Extracted material Start Marker

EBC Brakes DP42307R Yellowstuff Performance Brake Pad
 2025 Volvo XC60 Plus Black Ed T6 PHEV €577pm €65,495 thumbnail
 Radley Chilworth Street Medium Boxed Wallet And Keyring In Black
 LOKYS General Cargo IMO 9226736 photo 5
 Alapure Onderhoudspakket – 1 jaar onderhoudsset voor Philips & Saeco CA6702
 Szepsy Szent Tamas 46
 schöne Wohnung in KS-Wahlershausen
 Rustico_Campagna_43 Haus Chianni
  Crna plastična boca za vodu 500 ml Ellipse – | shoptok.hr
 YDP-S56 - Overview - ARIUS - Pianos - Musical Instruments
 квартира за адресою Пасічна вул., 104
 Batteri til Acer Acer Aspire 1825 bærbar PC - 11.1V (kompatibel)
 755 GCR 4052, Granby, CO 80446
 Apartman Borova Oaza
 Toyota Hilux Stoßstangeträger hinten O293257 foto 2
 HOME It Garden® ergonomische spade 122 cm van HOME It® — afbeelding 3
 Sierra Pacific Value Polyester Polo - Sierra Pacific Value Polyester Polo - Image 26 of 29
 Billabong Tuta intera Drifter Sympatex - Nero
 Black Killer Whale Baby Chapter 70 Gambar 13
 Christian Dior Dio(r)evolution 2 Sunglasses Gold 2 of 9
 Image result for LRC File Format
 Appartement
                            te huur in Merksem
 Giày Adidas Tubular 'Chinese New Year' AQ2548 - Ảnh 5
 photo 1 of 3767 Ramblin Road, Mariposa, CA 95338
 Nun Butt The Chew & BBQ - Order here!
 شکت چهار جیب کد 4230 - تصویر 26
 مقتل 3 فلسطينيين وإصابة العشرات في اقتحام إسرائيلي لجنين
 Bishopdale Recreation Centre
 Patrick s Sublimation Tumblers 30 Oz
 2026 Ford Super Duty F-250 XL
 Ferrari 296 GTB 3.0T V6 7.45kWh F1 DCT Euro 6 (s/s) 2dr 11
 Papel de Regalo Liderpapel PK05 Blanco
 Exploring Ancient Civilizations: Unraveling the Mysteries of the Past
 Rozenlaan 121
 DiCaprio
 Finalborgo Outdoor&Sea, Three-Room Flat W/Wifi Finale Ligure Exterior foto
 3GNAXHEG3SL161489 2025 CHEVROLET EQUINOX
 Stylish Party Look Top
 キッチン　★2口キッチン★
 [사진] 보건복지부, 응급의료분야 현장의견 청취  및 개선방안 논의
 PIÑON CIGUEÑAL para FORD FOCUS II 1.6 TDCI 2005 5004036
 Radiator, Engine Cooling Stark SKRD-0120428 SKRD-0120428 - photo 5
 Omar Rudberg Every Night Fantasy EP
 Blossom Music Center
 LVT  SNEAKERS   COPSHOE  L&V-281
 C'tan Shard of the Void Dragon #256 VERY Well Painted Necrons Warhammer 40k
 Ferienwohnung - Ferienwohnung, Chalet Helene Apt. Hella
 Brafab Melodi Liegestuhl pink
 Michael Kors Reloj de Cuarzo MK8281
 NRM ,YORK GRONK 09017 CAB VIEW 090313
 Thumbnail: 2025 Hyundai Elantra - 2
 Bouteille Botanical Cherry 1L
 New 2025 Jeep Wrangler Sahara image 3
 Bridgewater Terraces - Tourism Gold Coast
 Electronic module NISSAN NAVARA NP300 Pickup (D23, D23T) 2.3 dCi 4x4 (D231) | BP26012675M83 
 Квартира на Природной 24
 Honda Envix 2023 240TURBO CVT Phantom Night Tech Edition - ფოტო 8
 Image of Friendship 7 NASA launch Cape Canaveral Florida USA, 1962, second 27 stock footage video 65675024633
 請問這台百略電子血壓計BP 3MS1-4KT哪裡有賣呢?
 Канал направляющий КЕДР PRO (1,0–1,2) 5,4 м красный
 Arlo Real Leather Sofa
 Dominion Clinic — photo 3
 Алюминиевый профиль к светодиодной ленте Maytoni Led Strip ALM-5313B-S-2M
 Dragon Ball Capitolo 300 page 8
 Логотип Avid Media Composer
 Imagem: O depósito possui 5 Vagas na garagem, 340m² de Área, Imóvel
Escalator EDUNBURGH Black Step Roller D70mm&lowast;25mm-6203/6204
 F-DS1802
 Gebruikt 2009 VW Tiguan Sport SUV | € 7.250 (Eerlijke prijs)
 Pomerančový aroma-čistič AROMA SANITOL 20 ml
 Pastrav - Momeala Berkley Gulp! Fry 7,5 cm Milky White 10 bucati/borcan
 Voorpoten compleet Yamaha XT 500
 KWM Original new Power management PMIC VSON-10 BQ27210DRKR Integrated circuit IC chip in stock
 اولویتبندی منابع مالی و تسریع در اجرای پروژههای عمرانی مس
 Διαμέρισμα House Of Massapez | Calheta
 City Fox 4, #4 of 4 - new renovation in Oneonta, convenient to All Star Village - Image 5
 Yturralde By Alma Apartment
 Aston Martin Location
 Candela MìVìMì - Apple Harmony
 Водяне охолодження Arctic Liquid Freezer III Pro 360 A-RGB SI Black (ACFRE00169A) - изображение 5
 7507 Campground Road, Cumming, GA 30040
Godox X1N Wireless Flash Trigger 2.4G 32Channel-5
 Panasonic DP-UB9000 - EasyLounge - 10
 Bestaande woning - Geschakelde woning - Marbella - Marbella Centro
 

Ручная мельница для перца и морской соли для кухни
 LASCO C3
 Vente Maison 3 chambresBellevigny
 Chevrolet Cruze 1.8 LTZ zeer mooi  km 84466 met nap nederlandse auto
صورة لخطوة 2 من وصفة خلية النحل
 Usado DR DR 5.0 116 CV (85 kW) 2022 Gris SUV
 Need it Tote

Extracted material End Marker

### Try it
Please transcribe only the lines in the records above running from the line that has "Arlo Real Leather Sofa" through the line that has "اولویتبندی منابع مالی", both included, exactly as they appear.

### Solved exercise
 Arlo Real Leather Sofa
 Dominion Clinic — photo 3
 Алюминиевый профиль к светодиодной ленте Maytoni Led Strip ALM-5313B-S-2M
 Dragon Ball Capitolo 300 page 8
 Логотип Avid Media Composer
 Imagem: O depósito possui 5 Vagas na garagem, 340m² de Área, Imóvel
Escalator EDUNBURGH Black Step Roller D70mm&lowast;25mm-6203/6204
 F-DS1802
 Gebruikt 2009 VW Tiguan Sport SUV | € 7.250 (Eerlijke prijs)
 Pomerančový aroma-čistič AROMA SANITOL 20 ml
 Pastrav - Momeala Berkley Gulp! Fry 7,5 cm Milky White 10 bucati/borcan
 Voorpoten compleet Yamaha XT 500
 KWM Original new Power management PMIC VSON-10 BQ27210DRKR Integrated circuit IC chip in stock
 اولویتبندی منابع مالی و تسریع در اجرای پروژههای عمرانی مس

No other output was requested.